[Tutor] question about removing items from a list

Wed, 15 Aug 2001 01:57:01 +0100

On 14 Aug 2001, at 17:42, John Kenyon wrote:

> Can anyone explain why the following works the way it does?
> 
> >>>lista = ['a', 'b', 'c', 'd']
> >>>for item in lista:
> ...	lista.remove(item)
> ...
> >>>lista
> ['b', 'd']
> 

This is happening because of the way the for loop works.

It keeps on running until it gets to the end of the list. It keeps a 
counter (starting at 0), and increments it until it gets to the end of 
the list (or, more formally, until counter >= length of list).

So what's happening?

This is your list:

lista = ['a', 'b', 'c', 'd']

The loop starts off, providing lista[0] as item. 0 is the counter. So 
we enter the loop, with the following information:

lista = ['a', 'b', 'c', 'd']
internal_counter = 0
item = 'a'

You then remove item from lista. When the loop has finished, this 
is the state of the objects.

lista = ['b', 'c', 'd']
internal_counter = 0
item = 'a'

Now the loop increments it's internal counter and checks that it 
hasn't gone past the last element in the list. The counter is 1, and 
the length of the list is 3, so everything is still OK.

So at the beginning of the next loop, the list looks like this:
lista = ['b', 'c', 'd']
internal_counter = 1
item = 'c'

This might make things clearer. Since 'a' is gone, all the other 
elements have shifted up by one. However, the counter also 
increments, so we've skipped over 'b' and gone to 'c'.

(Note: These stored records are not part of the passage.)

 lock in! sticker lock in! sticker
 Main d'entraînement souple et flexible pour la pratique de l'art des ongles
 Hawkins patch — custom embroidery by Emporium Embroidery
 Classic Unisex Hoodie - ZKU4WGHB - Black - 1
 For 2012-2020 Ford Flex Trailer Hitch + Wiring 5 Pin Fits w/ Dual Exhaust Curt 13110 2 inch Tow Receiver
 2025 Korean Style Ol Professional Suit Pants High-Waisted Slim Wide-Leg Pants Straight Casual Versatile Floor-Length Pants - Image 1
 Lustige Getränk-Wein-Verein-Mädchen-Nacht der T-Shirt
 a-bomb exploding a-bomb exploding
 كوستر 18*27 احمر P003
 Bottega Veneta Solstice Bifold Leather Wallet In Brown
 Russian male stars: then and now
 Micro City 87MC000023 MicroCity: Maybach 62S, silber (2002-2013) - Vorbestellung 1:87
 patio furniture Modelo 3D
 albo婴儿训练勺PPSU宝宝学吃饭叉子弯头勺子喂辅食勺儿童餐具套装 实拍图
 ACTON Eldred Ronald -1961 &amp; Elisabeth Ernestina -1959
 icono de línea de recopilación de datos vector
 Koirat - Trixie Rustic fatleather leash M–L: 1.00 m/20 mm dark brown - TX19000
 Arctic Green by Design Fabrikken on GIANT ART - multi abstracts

At the beginning of the next loop, the counter is incremented to 2, 
and the list has only got two elements left, 'b' and 'd' (which are 
indexed 0 and 1 respectively). Since 2 is larger than the last index, 
it quits the loop.

So how might you want to write that code? A 'better' way would be 
like this:

>>> lista = ['a', 'b', 'c', 'd']
>>> while lista:
...     lista.pop(0)
...
'a'
'b'
'c'
'd'
>>> lista
[]

An even better way would be like this:

del lista[:]

That would delete all items within the list. Doing 'del lista' would 
simply delete the list itself.

HTH,
Allan.